This is a continuation from the last post. This time I implemented translation + horizontal flipping. The translation works by cropping the 32×32 image into smaller 24×24 sub-images (9 to be exact) to expand the training set and avoid over fitting.
This is the network I used
- Layer 1 – 5×5 Rectified Linear Unit, 64 output maps
- Layer 2 – 2×2 Max-pool
- Layer 3 – 5×5 Rectified Linear Unit, 64 output maps
- Layer 4 – 2×2 Max-pool
- Layer 5 – 3×3 Rectified Linear Unit, 64 output maps
- Layer 6 – Fully connected Rectified Linear Unit, 64 output neurons
- Layer 7 – Fully connected linear units, 10 output neurons
- Layer 8 – Softmax
Below is the validation error during training. I’ve changed the way the training data is loaded to save memory. Each dataset is loaded and trained one at a time, instead of loading it all into memory. After a dataset is trained I output the validation error to file. Since I use 4 datasets for training each data point on the graph represents 1/4 of an epoch (one pass through all the training data).
I used an initial learning rate of 0.01, then changed to 0.001 at x=26 then finally 0.0001 at x=30. The other training parameters are
- momentum = 0.9
- mini batch size = 64
- all the data centred (mean subtracted) prior to training
- all weights initialised using a Gaussian of u=0 and stdev=0.1 (for some reason it doesn’t work with 0.01 like most people do)
The final results are:
- training error ~ 17.3%
- validation error ~ 18.5%
- testing error ~ 20.1%
My last testing error was 24.4% so there is some slight improvement, though at the cost of much more computation. The classification code has been modified to better suit the 24×24 cropped sub-images. Rather than classify using only the centre sub-image all 9 sub-images are used. The softmax results from each sub-image is accumulated and the highest score picked. This works much better than using the centre image only. This is idea is borrowed from cuda-convnet.
Here are the features learnt for the first layer.
Using cropped sub-images and horizontal flipping the training set has expanded 18 times. The error gap between training error and validation error is now much smaller than before. This suggests I can gain improvements by using a neural network with a larger modeling capacity. This is true for the network used by cuda-convnet to get < 13% training error. Their network is more complex than what I’m using to achieve those results. This seems to be a ‘thing’ with neural networks where to get that extra bit of oomph the complexity of the network can grow monstrously, which is rather off putting.

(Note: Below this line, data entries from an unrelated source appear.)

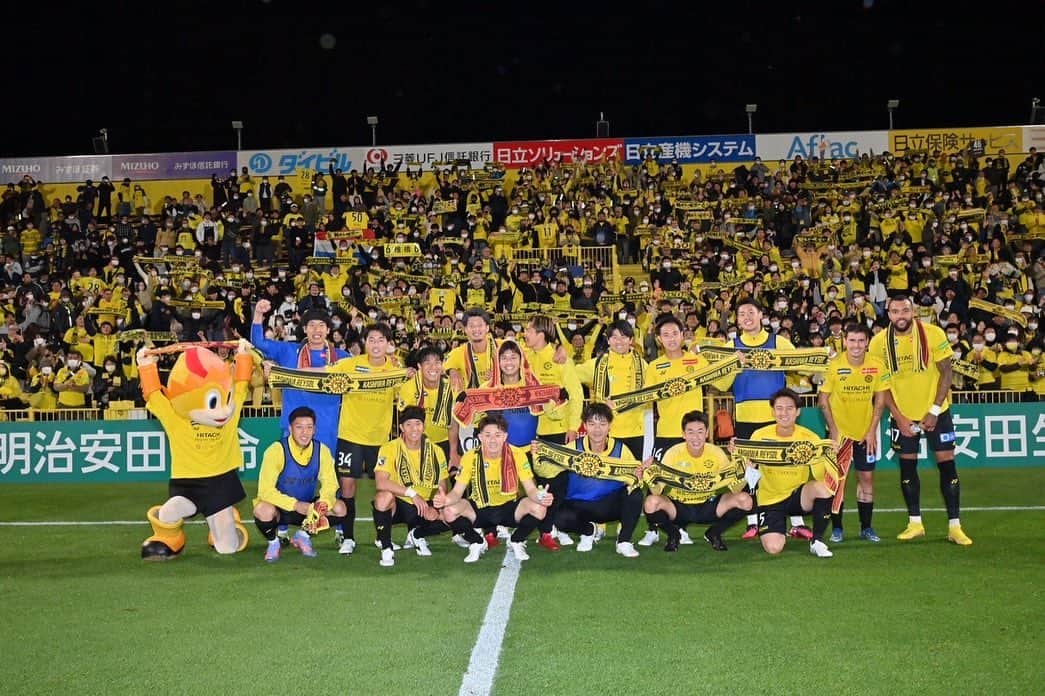 小屋松知哉さんのインスタグラム写真 - (小屋松知哉Instagram)「vs鹿島アントラーズ 1-0 win  応援してくれる人が笑顔になってくれたことが1番嬉しい。  次の試合のために自分のやるべきことをしっかりやる。  上を目指す。」4月10日 12時23分 - koyamatsu_tomoya.official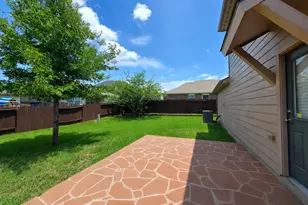 110 Outfitters Ct, Newark, TX 76071 - Photo 4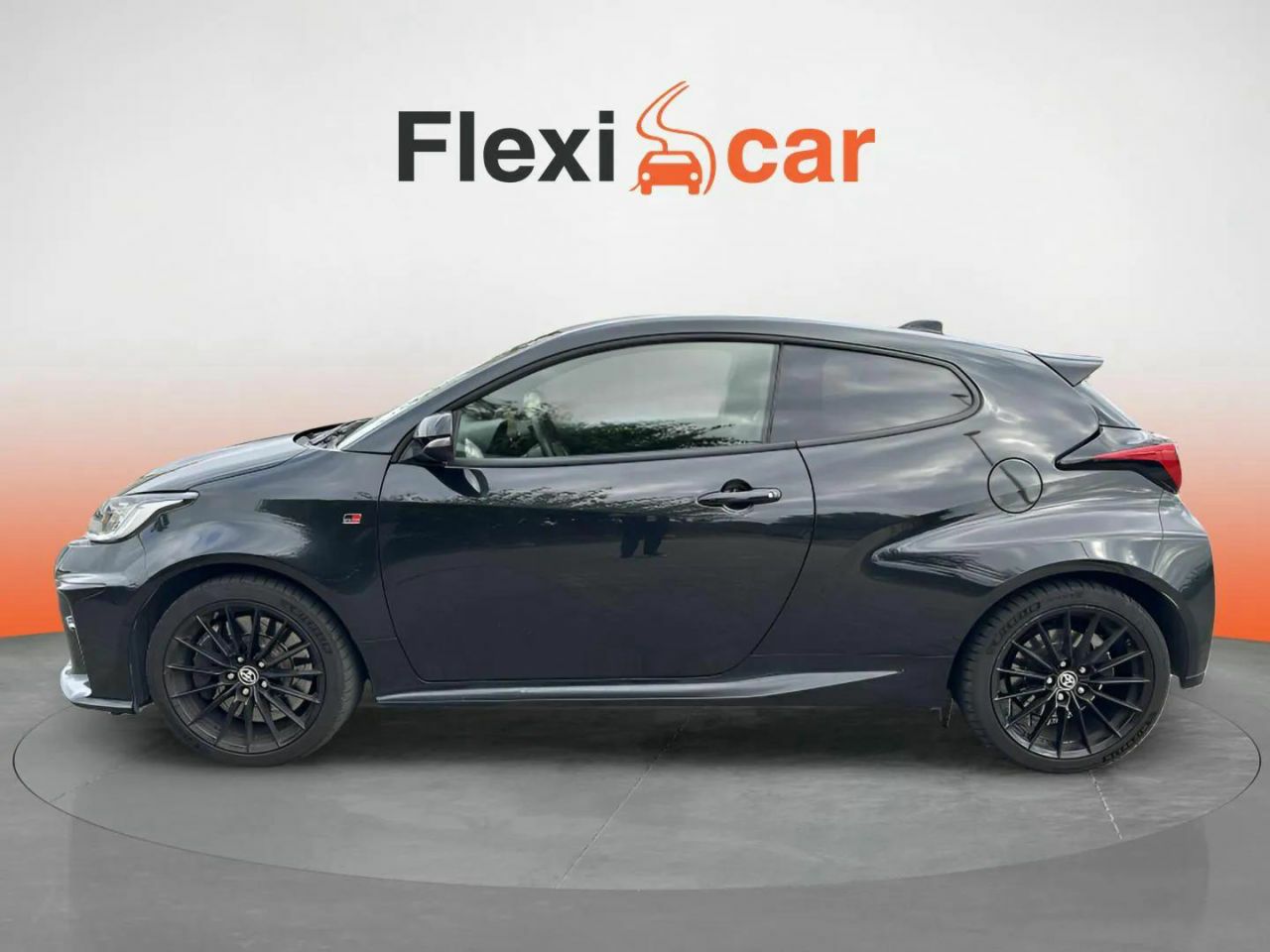 toyota yaris 2021 / foto grande (3)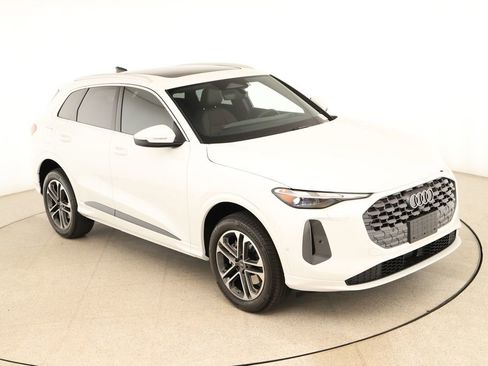 New 2026 Audi Q5 Premium AWD/4WD image 38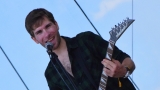 Sobota na festivalu Footfest ve znamění tvrdých kytarových riffů. Zazněly Letokruhy, Svoboda 89 nebo Netáhlo. (2 / 144)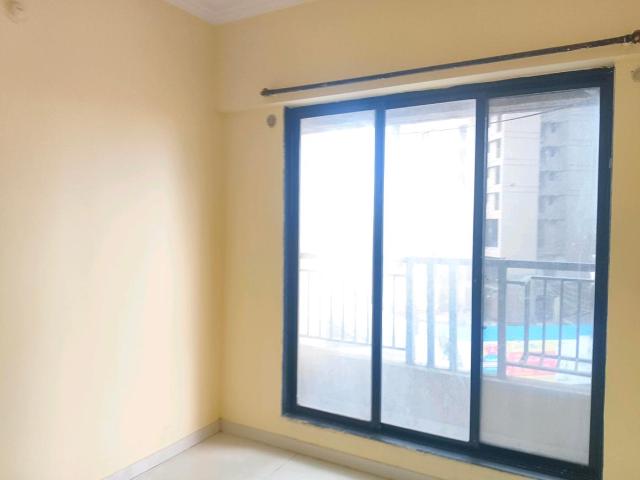 2 BHK Apartment in Kalyan West for rent Kalyan. The reference number is 20468489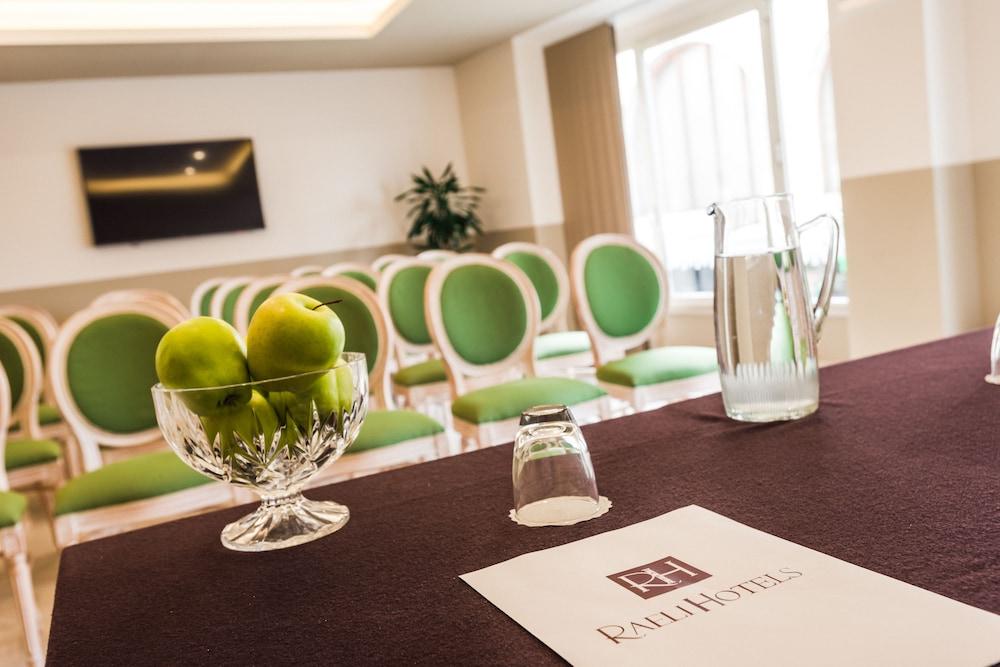 רומא Raeli Hotel Siracusa מראה חיצוני תמונה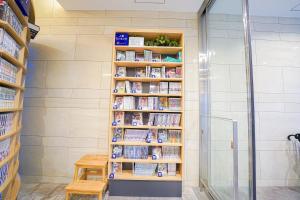 una estantería llena de libros en una tienda en QuintessaHotel TokyoHaneda Comic&Books, en Tokio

Based on results collected for the CIFAR-10 dataset by this blog post the current best is using something called a Multi-Column Deep Neural Network, which achieves an error of 11.21%. It uses 8 different convolution neural networks (dubbed ‘column’) and aggregate the results together (like a random forest?). Each column receives the original RGB images plus some pre-processed variations. The individual neural network column themselves are fairly big beasts consisting of 10 layers.
I think there should be a new metric (or maybe there already is) along the lines of “best bangs for bucks”, where the state of the art algorithms are ranked based on something like [accuracy]/[number of model parameters], which is of particular interest in resource limited applications.
To compile and run this code you’ll need
- OpenCV 2.x
- CUDA SDK
- C++ compiler that supports the newer C++11 stuff, like GCC
Instructions are in the README.txt file.